Lorsque l’été revint, la tribu vivait tranquille au flanc ensoleillé d’une haute montagne. La contrée était d’abord difficile mais giboyeuse, et l’on n’y relevait jamais la trace des hommes vivants. L’eau coulait en ruisselets limpides ; des grottes offraient de sûrs abris. Les arbres fruitiers de toutes espèces couvraient les pentes. Sur les terres basses, poussaient abondamment des plantes porteuses de graines sèches, presque aussi nourrissantes que la chair des herbivores. Ceux-ci, d’ailleurs, ne manquaient point dans la montagne et la vallée. Ils y vivaient par bandes nombreuses et à peu près inoffensives ; il y avait Moûh le bœuf, Ouhin le cheval, Horoho le porc, Bêê à la chaude fourrure, d’autres encore.

Flore enfanta. Elle eut deux filles, si semblables, que la mère seule pouvait les distinguer l’une de l’autre. Elle les appela Hâ et Hahâ ; le premier-né, rieur, avait déjà reçu le nom de Bihihi.

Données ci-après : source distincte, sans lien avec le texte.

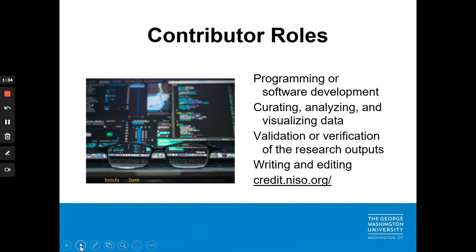Roles also include programming or software development, curating, analyzing, and visualizing data, validating and verifying research outputs, and writing and editing the final manuscript. For a full description of roles, see credit.niso.org.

Peu de temps après la naissance des jumelles, des hommes volants passèrent sur des planeurs que portait le vent de la vallée. Les jeunes chiens, imprudents, jetèrent vers eux leur menace. Mais Flore s’était cachée avec ses enfants, et les tristes passagers ne surprirent point le secret merveilleux de la montagne.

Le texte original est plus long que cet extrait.